The NRC will allow the Diablo Canyon 1 & 2 nuclear power plants to continue operating while considering their belated license renewal applications

Peter Lobner

This is good news for all Californians and California businesses that depend on the State’s rather fragile electrical grid as their primary source of electric power! 

On 2 March 2023, the U.S. Nuclear Regulatory Commission (NRC) granted an exemption to Pacific Gas & Electric Co. (PG&E) that would allow the Diablo Canyon 1 & 2 nuclear power plants to continue operating while the NRC considers its license renewal application. The NRC press release stated:

“The exemption granted today will allow those licenses to remain in effect provided PG&E submits a sufficient license renewal application for the reactors by Dec. 31, 2023. The NRC will continue its normal inspection and oversight of the facility throughout the review to ensure continued safe operation. If granted, the license renewal would authorize continued operation for up to 20 years.”
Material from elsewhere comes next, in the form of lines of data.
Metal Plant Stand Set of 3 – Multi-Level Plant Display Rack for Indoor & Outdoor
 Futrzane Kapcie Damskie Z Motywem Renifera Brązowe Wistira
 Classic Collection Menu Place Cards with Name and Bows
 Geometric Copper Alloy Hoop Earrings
Diablo Canyon Nuclear Power Plant. 
Source: Pacific Gas & Electric Company

You can read the full NRC press release here:

You can track the status of the Diablo Canyon license renewal process on the Nuclear Regulatory Commission website here:

You may recall that, in 2016, many environmental groups and state legislators claimed victory in getting the commitment from PG&E to close the Diablo Canyon nuclear power plant early.  Here’s just one example of that sentiment at the time:

“In a major victory for environmentalists, California is going nuclear-free, ending atomic energy’s more than half-century history in the state. On Tuesday, one of the state’s largest utilities agreed to a proposal endorsed by environmental groups and labor unions to shutter California’s last operating nuclear power plant, Diablo Canyon, by 2025.” (Source: Democracy Now, 22 June 2016).
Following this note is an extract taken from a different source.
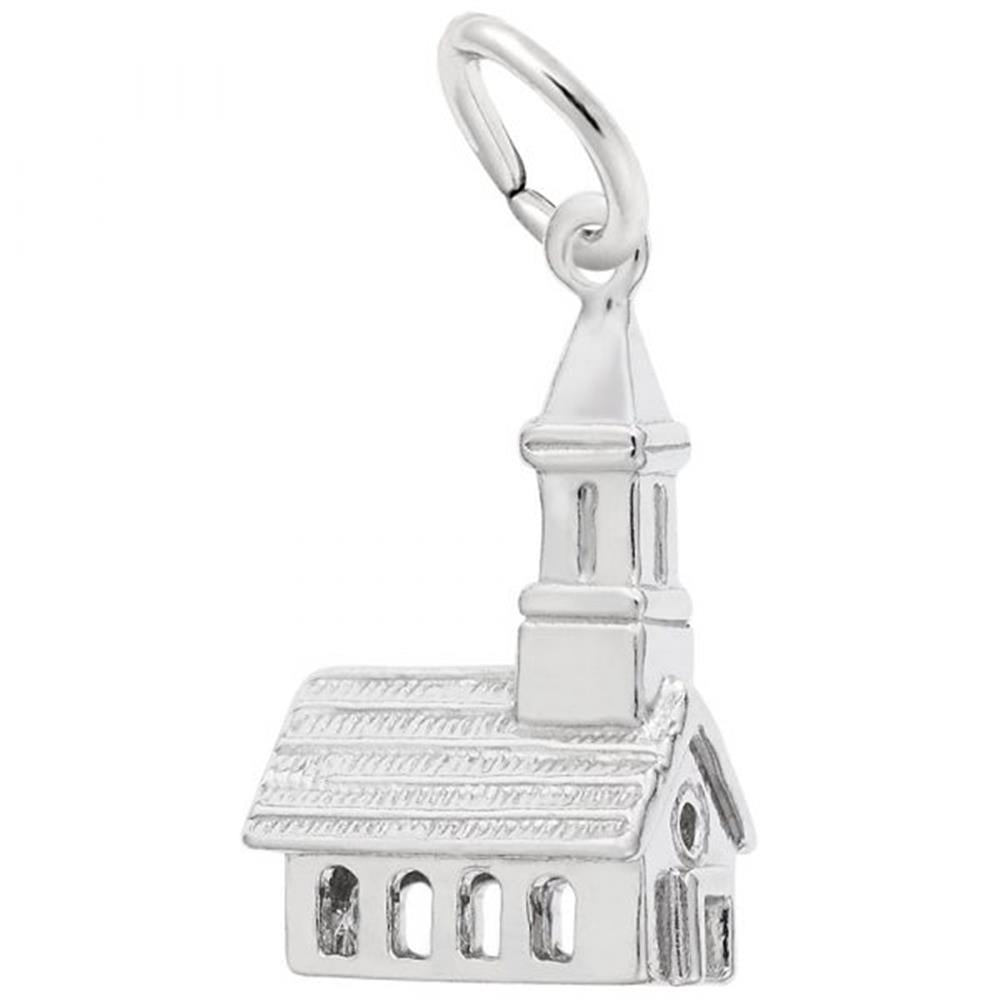 The Rembrandt Charms Church Charm, crafted in sterling silver, is designed in the shape of a church with intricate details including a roof, windows, and steeple. It features a small ring at the top for easy attachment to bracelets or necklaces.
In my 2016 post, “The Nuclear Renaissance is Over in the U.S.,” I noted: 

“On 21 June 2016, PGE issued a press release announcing that they will withdraw their application to the NRC for a 20-year license extension for the Diablo Canyon 1 & 2 nuclear power plants and will close these plants by 2025 when their current operating licenses expire.  PGE will walk away from about 41 GW-years of carbon-free electric power generation.”

Almost seven years ago, it was quite apparent to many that the early closure of Diablo Canyon would not be good for California or the environment.  It took that long for the state government to understand the situation and support the current effort to get the Diablo Canyon operating licenses extended.  Better late than never.  However, in their shortsighted view, the state government seems to be supporting a license extension only through 2030. If the legislators have their way, California will reclaim only a small portion of the carbon-free electric power generation that would be available from the 20 year operating license extensions that the NRC may grant.
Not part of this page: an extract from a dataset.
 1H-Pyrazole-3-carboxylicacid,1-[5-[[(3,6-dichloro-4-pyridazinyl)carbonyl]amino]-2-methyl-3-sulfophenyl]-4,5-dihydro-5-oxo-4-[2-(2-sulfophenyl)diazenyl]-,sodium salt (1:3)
I’d like see the California legislature and the associated complex web of state agencies that have a stake in this matter unanimously acknowledge that nuclear power is an important contributor toward energy de-carbonization.  In addition, I’d like to see that same group acknowledge that nuclear power plants are important for delivering reliable 24/7 generating capacity to the CALISO grid, and thereby helping maintain stability on a grid with a large fraction of variable-output, renewable generators.  If those factors are important to California’s government, then perhaps there is a future for nuclear power in the state, including the new generation of small, modular reactors (SMRs). California state support for nuclear power generation would open many exciting options for modernizing and decarbonizing electric power generation, transmission and distribution throughout the state, while ensuring that reliable electric power is available to all residents and business, many of which are seeking to decarbonize their activities by replacing their fossil fuel use with electricity that is available as needed, 24/7.

You can call that my California dream.